Je suis doté d’un fusil MAS36 et chargé de porter l’une des fameuses musettes de chargeurs FM.
La galère.
C’est avec cette saleté de musette que j’ai le plus souffert physiquement. Le MAS36 est un fusil solide mais plutôt archaïque. Je n’ai jamais compris pourquoi l’armée avait autant de retard dans l’attribution de son armement.
Pendant mes deux ans d’Algérie, j’ai eu le privilège de voir trois fusils différents : Le MAS36 donc, le MAS49 et le MAS56 à la fin de mon séjour. Le MAS36 n’a pas de chargeur. Il est pourvu d’un magasin à cartouches.
L’inconvénient est de devoir réintroduire une cartouche dans le canon après chaque tir : il n’est pas automatique.
Les deux derniers sont munis d’un chargeur mais le MAS56 est quand même plus léger et surtout plus court.

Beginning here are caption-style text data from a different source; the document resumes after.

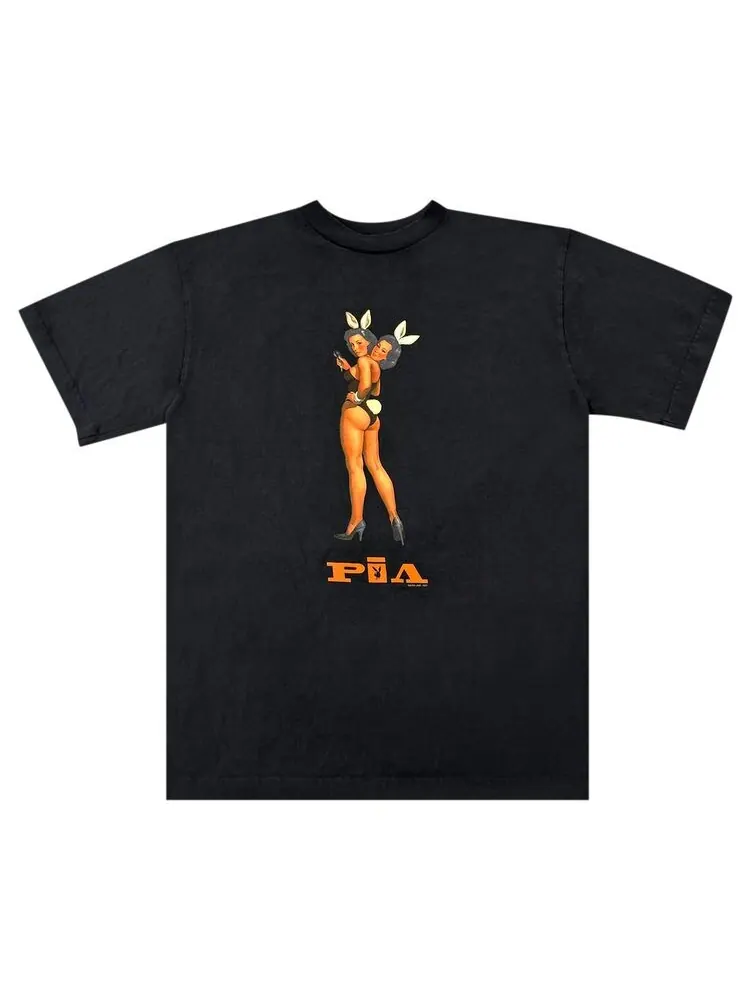 Футболка Cactus Jack by Travis Scott x Playboy Tee II Black — изображение 1 из 2, черный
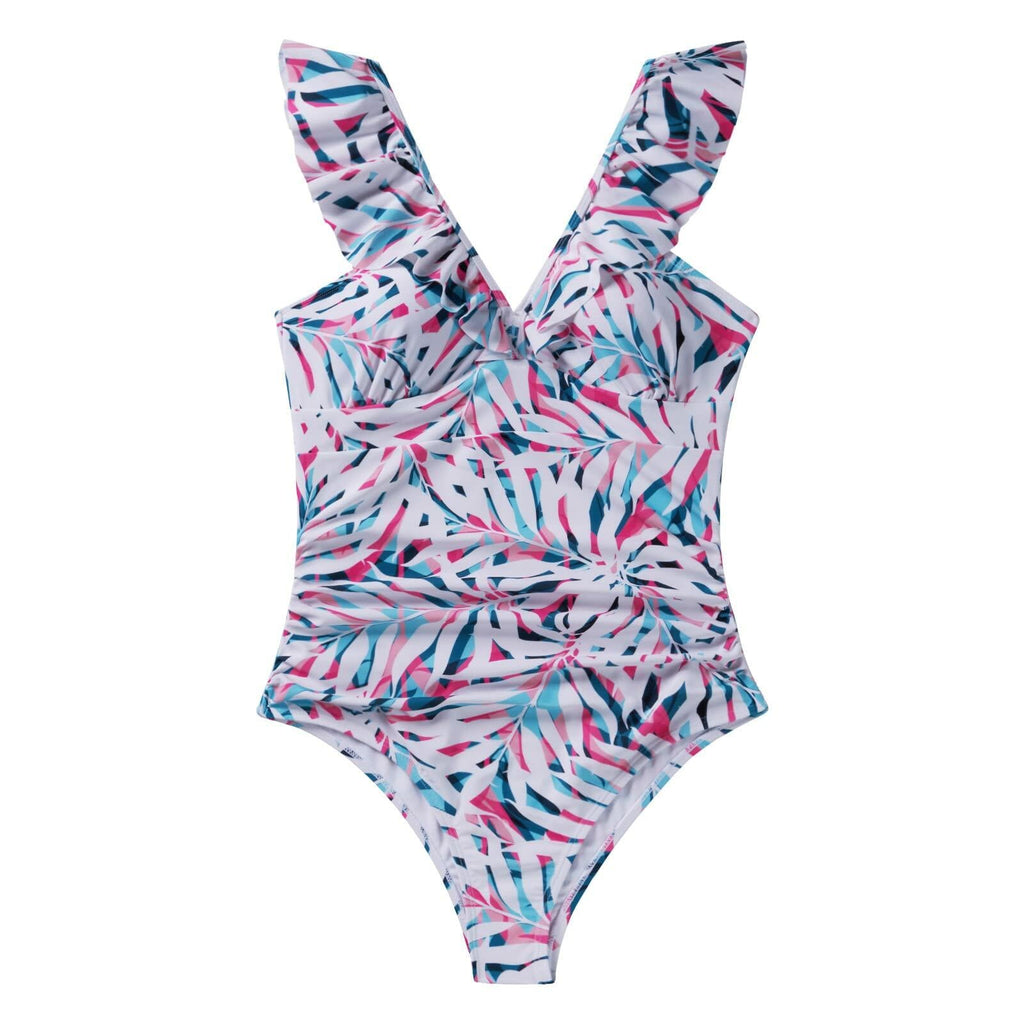 Wildbreath Women's One Piece Swimsuit Tummy Control V Neck Size M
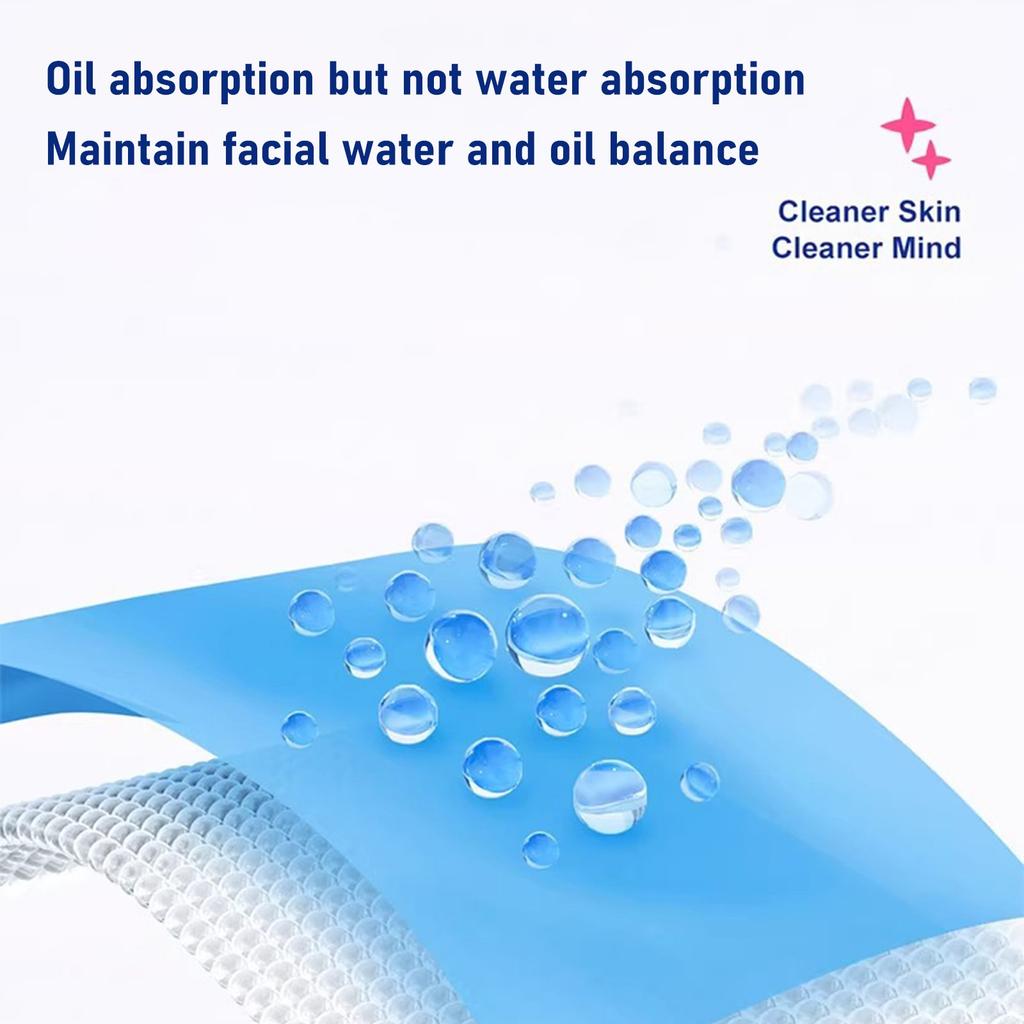 Ölabsorbierendes Papier absorbiert überschüssiges Öl im Gesicht, reduziert Fettigkeit und verleiht einen erfrischten Teint, um Ihnen zu helfen, ein angenehmes 100-teiliges Set zu erhalten.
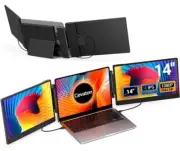 ✅NEW✅Portable Monitor, 14” FHD 1080P IPS Screen Extender Fit for 13-17" Laptop✅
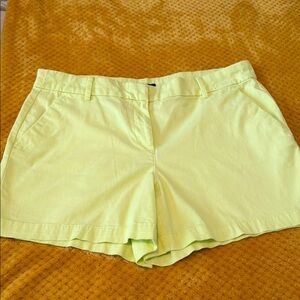Lime Green Nautical Women's Shorts 12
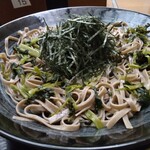 めん房 新月亭 - わさびそば大盛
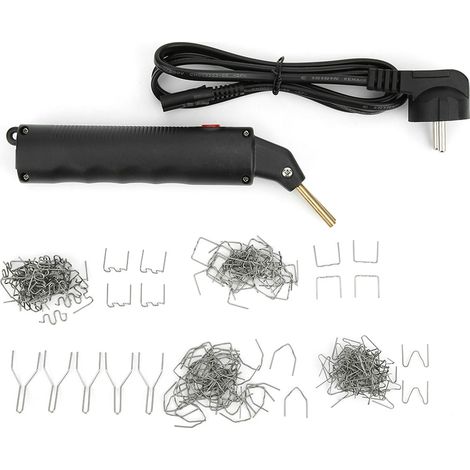 Kit de réparation de pare-chocs, ailes et carénages de voiture avec pistolet à clous thermofusibles EVE-01 (prise européenne 110-250 V) (1/5)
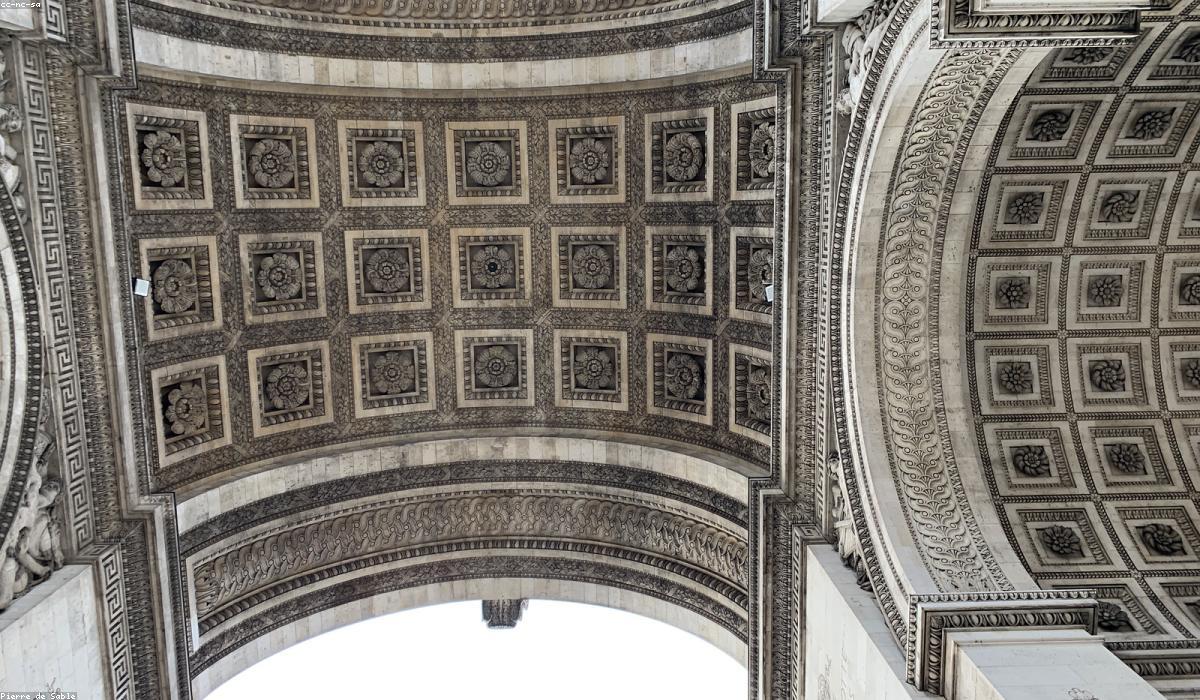 The Arc de Triomphe in Paris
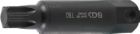 BGS Bit Länge 100 mm Antrieb Außensechskant 22 mm T-Profil T80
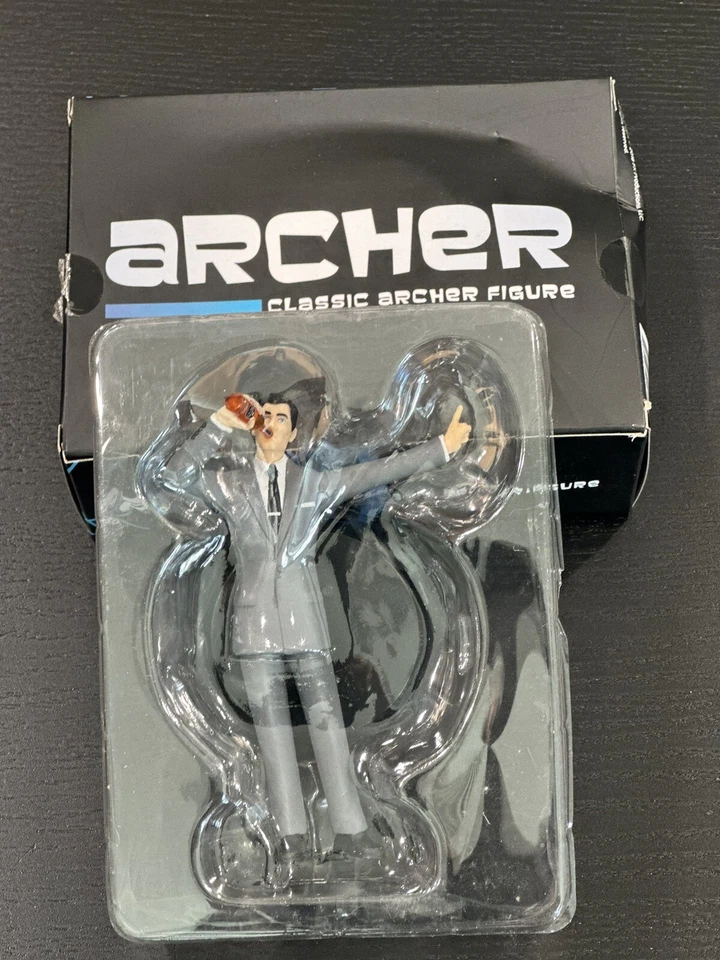 Loot Crate FX Archer 经典纯银射手可动人偶带底座全新带盒  — 第 1/1 张图片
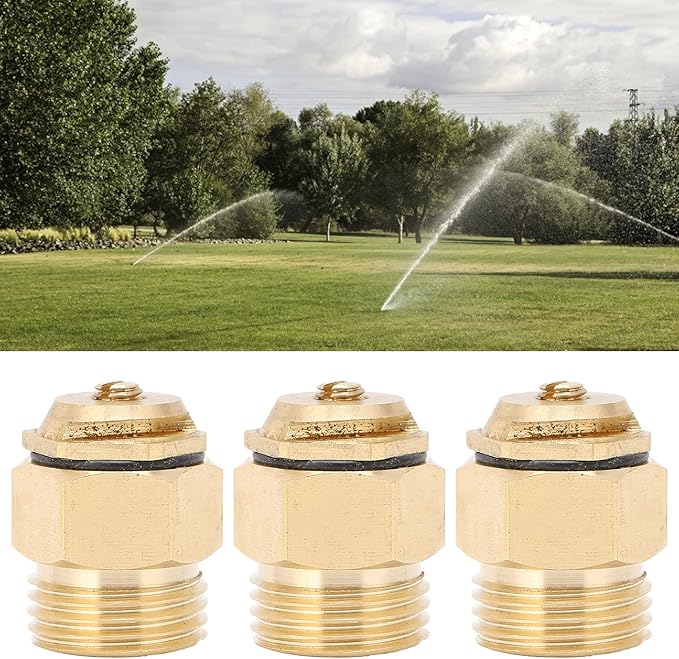 3PCS G1/2 Refraction Sprinkler Nozzle, Adjustable Copper Micro Sprinkler Head Garden Irrigation Accessories, for Watering Lawns, Plants, Flowers, Vegetables
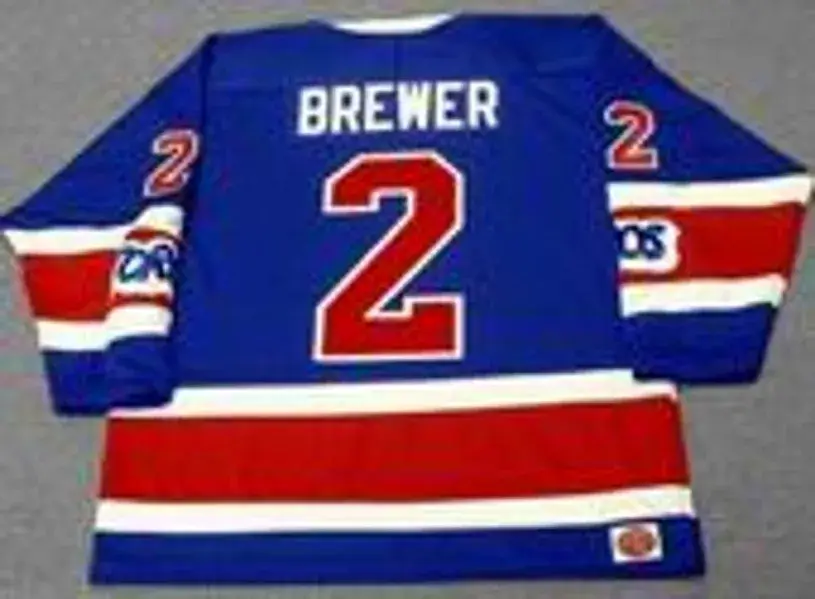 CARL BREWER Toronto Toros 1973 WHA Throwback Hockey Jersey 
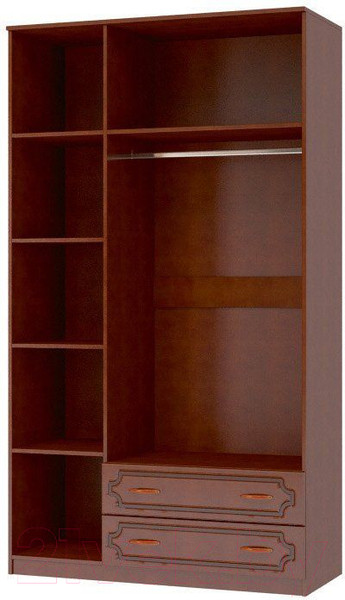 Изображение товара Шкаф Bravo Мебель Лак ШР-3 2 ящика (орех экко/орех темный)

Pour nos munitions, nous avons des cartouchières en cuir à la ceinture.
Elles servent à mettre des balles pour le MAS36 ou des chargeurs pour le MAS49, le MAS56 et la MAT.
Quelques copains ont des cartouchières en toile qui sont moins dures et plus légères.
Je me demande comment ils se les ont procurées.
Certaines unités de paras sont équipées d’une petite mitrailleuse légère à la place du FM, la AA-52, conçue pour les sauts en parachute.
J’ai eu l’occasion d’en voir au cours de certaines opérations. Notre unité n’en a jamais vu la couleur.
Pourtant elle nous aurait sacrément rendu service, surtout pour moi, pour les sauts d’hélico et les ratissages en forêt.
Le FM mesure plus d’un mètre cinquante de long. C’est assez encombrant quand vous l’avez en bandoulière.
Ma quatrième section est commandée par un adjudant- chef d’une bonne quarantaine d’année. Il y a également un maréchal des logis et deux ou trois brigadiers- chefs. Cette section est à peu près au complet quand je débarque à Kherba. Il y a pas mal d’anciens : des gars qui ont déjà quelques mois de commando.